No. Texas independence is not a mood, and it is not tied to which party holds Washington. The movement was here before the current administration, it will be here after the next one, and the case for it does not change color with the party in power. The problem is the size and distance of the federal government itself, and that does not improve when your team wins.
The case is structural, not partisan
The argument for independence has nothing to do with who sits in the Oval Office. Texans send hundreds of billions of dollars to Washington every year and watch a shrinking share come back with strings attached. The federal debt climbs past anything that can be seriously repaid. The decisions that shape life in Texas are made farther and farther from Texas. None of that is fixed by a change of administration. A new president does not shrink the debt, return the money, or move the decisions closer to home. The machine runs the same regardless of who is nominally driving.
"Your side wins sometimes" is exactly the trap
The whole promise of the federal system is that you get your turn. Win the right elections and Washington will work for you. Texans have run that experiment for generations, under presidents of both parties, and the federal government grew under all of them.

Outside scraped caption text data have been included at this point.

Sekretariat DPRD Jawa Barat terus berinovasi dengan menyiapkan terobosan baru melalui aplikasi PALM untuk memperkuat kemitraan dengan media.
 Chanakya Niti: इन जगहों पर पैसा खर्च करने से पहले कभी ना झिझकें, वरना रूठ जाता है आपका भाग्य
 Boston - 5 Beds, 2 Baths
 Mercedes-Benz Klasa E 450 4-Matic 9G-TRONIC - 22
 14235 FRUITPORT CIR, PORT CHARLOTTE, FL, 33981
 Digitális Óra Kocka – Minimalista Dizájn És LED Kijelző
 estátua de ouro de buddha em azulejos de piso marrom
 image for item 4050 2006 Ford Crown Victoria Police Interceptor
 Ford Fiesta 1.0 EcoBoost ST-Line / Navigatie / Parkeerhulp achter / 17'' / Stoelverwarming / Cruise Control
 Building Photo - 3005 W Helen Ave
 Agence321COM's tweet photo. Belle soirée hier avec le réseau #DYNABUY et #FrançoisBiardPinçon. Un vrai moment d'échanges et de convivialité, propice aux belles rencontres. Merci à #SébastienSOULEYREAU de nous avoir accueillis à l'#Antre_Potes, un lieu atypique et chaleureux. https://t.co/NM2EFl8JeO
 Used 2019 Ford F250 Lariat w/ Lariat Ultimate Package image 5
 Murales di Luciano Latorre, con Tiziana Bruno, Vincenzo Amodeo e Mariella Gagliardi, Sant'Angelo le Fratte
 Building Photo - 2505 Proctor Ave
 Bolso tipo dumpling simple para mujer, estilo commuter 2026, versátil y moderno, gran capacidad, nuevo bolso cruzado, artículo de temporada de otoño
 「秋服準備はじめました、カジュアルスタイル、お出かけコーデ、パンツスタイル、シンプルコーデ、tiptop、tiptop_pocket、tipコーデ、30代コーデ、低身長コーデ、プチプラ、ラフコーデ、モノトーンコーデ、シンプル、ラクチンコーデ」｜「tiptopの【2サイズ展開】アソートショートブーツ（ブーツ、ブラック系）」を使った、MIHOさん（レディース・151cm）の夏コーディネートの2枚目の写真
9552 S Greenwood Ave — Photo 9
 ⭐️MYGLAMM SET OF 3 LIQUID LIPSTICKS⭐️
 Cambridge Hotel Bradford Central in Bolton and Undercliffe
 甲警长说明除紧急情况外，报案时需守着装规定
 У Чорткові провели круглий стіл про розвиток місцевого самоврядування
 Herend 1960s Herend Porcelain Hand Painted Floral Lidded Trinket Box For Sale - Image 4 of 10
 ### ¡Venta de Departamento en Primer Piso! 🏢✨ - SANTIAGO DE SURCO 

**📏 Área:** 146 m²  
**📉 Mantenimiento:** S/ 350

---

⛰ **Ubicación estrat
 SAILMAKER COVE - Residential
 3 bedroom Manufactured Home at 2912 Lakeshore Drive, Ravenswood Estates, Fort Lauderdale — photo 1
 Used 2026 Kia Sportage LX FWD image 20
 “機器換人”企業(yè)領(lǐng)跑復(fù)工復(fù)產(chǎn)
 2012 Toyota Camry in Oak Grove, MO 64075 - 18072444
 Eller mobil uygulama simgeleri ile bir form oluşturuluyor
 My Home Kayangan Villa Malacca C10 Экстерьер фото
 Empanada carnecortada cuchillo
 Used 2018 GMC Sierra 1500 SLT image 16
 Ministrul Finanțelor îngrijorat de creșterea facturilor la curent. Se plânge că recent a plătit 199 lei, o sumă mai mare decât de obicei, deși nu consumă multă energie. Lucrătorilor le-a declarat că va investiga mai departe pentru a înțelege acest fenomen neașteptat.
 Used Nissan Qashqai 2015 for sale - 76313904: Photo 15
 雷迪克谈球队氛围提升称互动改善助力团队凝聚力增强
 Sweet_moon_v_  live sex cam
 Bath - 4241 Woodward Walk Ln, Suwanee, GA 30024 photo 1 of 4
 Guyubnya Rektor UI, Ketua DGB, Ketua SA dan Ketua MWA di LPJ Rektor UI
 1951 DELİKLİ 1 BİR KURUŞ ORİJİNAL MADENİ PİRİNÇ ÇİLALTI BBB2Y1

When your party holds Washington, the spending and the centralizing do not stop. They just get aimed at different targets. The lesson is not "wait for the next election." The lesson is that the structure produces the same result no matter who is in charge. You cannot vote your way out of a system in which Texas is permanently outnumbered.
Independence is not about escaping one president. It is about self-government
The point of Texas independence is not to dodge a particular administration for four years. It is to put the decisions that affect Texans in the hands of Texans, permanently, so the answer to "who governs Texas" stops depending on a coin flip every four years in another part of the country. That is a goal that does not expire when a term ends. A Texan who only wants independence when the other party wins has not understood the argument. A Texan who wants it no matter who is in power has.
The accusation is a way to avoid the question
Notice what the "sour grapes" line is built to do. It changes the subject. Instead of answering whether Texas can govern itself, whether Texans are overtaxed by Washington, or whether the people deserve a vote, it dismisses the whole thing as a tantrum so the actual questions never get asked. It is easier to call a Texan a sore loser than to explain why Texans should not be allowed to vote on their own future. When the response to "let the people decide" is "you are just upset," the person saying it has run out of reasons.
The bottom line
This is not sour grapes. It is the considered position that Texas should govern Texas, and that position holds whether the president has an R or a D next to the name. The federal government is too big, too far, and too indebted to fix from the inside, and that is true every January no matter who takes the oath.